Curr. Protoc. Immunol. 95:14.26.1-14.26.26. © 2011 by John Wiley & Sons, Inc. “
“Department of Biosciences and Nutrition, Karolinska Institutet, 141 83 Stockholm, Sweden Department of Cell Biology, buy AZD6738 Physiology and Immunology, Biomedicine and Biotechnology Institute, Universitat Autònoma de Barcelona, 08193 Bellaterra, Spain The appearance of group 1 CD1 proteins (CD1a, CD1b and CD1c) on maturing myeloid DC is a key event that converts myeloid DC to effective lipid APC. Here, we show that Borrelia burgdorferi, the causative agent of Lyme disease, triggers appearance of group 1 CD1 proteins at high density on the surface of human myeloid DC during infection.

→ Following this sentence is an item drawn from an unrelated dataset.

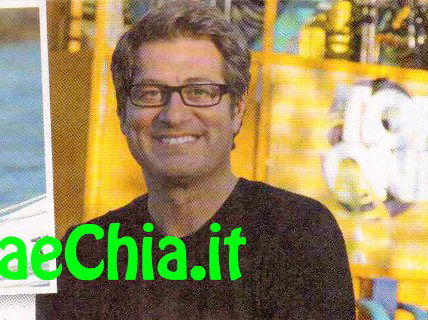 Il passato di Enrico Papi: Dormivo in macchina e lavoravo perchè non facevo…piovere preview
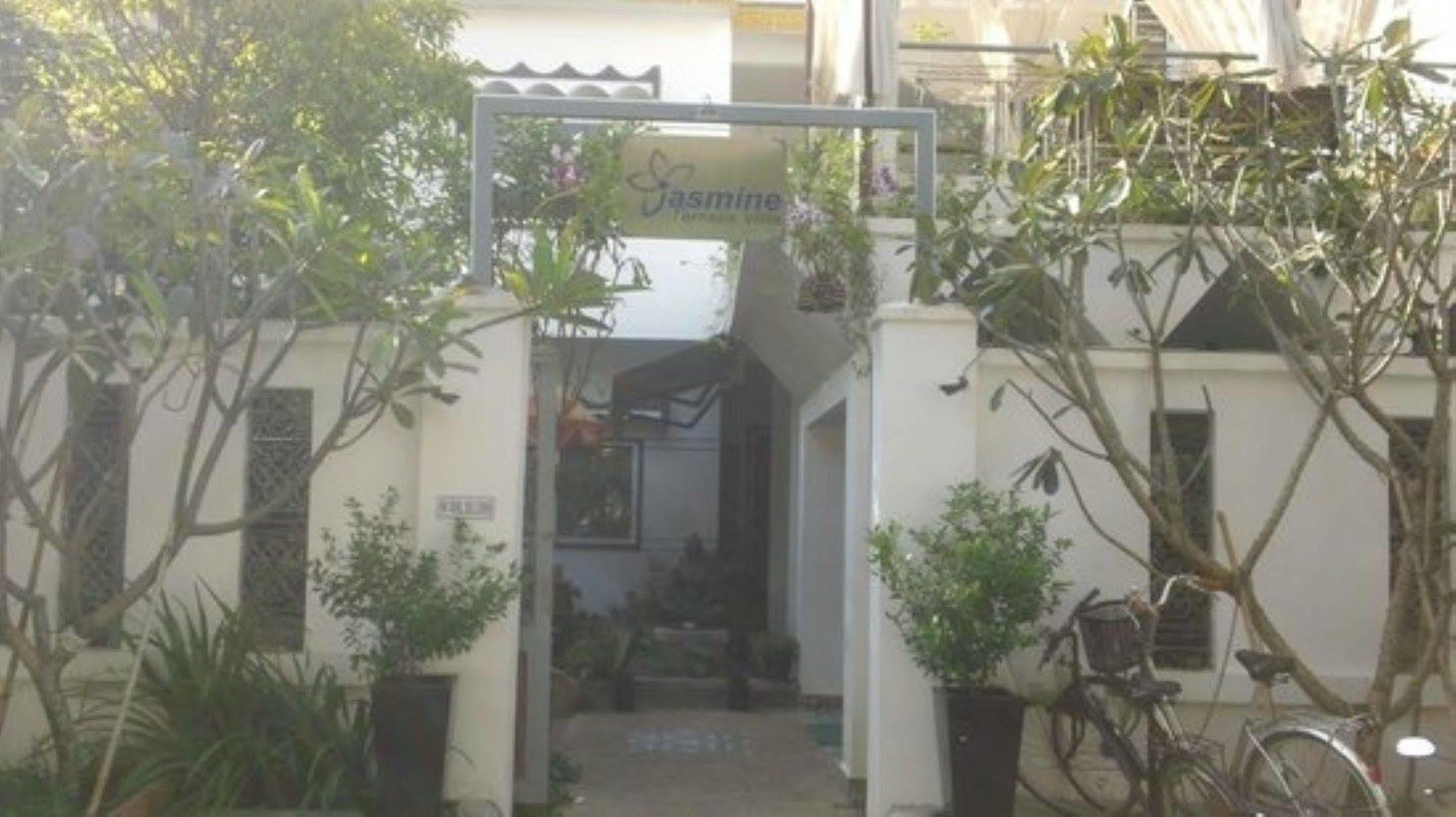 Jasmine Terrace Villa พนมเปญ ภายนอก รูปภาพ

Within human skin, CD1b and CD1c expression was low or absent prior to infection, but increased significantly after experimental infections and in erythema migrans lesions from Lyme disease patients. The induction of CD1 was initiated by borrelial lipids acting through TLR-2 within minutes, but required 3 days for maximum effect. The delay in CD1 protein appearance involved a multi-step process whereby TLR-2 stimulated cells release soluble factors, which are sufficient to transfer the CD1-inducing effect in trans to other cells. Analysis of these soluble factors identified IL-1β as
a previously unknown pathway leading to group 1 CD1 protein function. This study establishes that check details upregulation of group 1 CD1 proteins is an early event in B. burgdorferi infection and suggests a stepwise mechanism whereby bacterial cell walls, TLR activation and cytokine release cause DC precursors to express group 1 CD1 proteins. CD1 proteins have structurally diverse antigen grooves that accept self and foreign lipid antigens for display to T cells 1. The antigenic lipids are amphipathic molecules that include lipids, lipopeptides and glycolipids derived from mammalian cells 2 and microbial sources 3. The human CD1 gene cluster consists of
one lipid transfer protein (CD1e), three group 1 antigen-presenting molecules (CD1a, CD1b and CD1c) and one group 2 antigen-presenting molecule (CD1d) 4, 5. For MHC class II, it is well established that the density of peptide-loaded complexes selleck chemical changes greatly during DC maturation and controls the strength and antigenic focus of the resulting MHC-restricted T-cell response 6. New evidence suggests that myeloid APC contribute to the immunologic distinction between uninfected and infected state by actively regulating density of cell surface CD1 proteins in response to pathogen contact 7. Although CD1d is constitutively expressed on monocytes and DCs, group 1 CD1 proteins are absent on circulating monocytes, but are inducibly expressed on myeloid DCs after activation 8.